An ancient Washington State tribe that relies on a healthy stock of salmon has a climate plan.
The more the media covers indigenous activities, the more we learn what we’ve been missing. There is so much wisdom embedded in tribal memory, especially wisdom about taking care of the natural world. First step: having the right attitude.
Jim Morrison writes at the Washington Post about a tribe in the Pacific Northwest that has a climate plan.

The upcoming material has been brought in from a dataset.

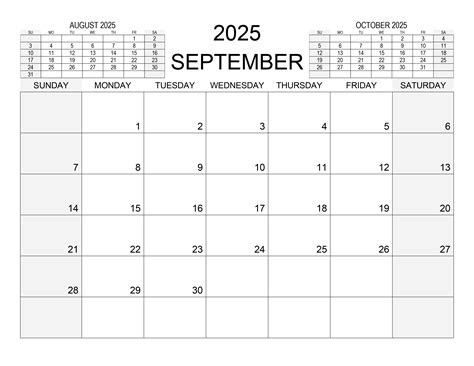 Calendar for September 2025 – free-calendar.su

“For 10,000 years, the Swinomish tribe has fished the waters of northwestern Washington, relying on the bounty of salmon and shellfish not only as a staple of its diet but as a centerpiece of its culture. At the beginning of the fishing season, the tribe gathers on the beach for a First Salmon ceremony, a feast honoring the return of the migratory fish that binds the generations of a tribe that calls itself the People of the Salmon.
“At the ceremony’s conclusion, single salmon are ferried by boat in four directions — north to Padilla Bay, east to the Skagit River, south to Skagit Bay and west to Deception Pass — and eased into the water with a prayer that they will tell other salmon how well they were treated.

Spawning salmon.
“In recent years, though, the tribe’s harvest, diminished by vanishing habitat and warming waters fueled by climate change, hasn’t been sufficient to feed the hundreds of people who come to pay homage to their ancestors and to the fish that sustained them.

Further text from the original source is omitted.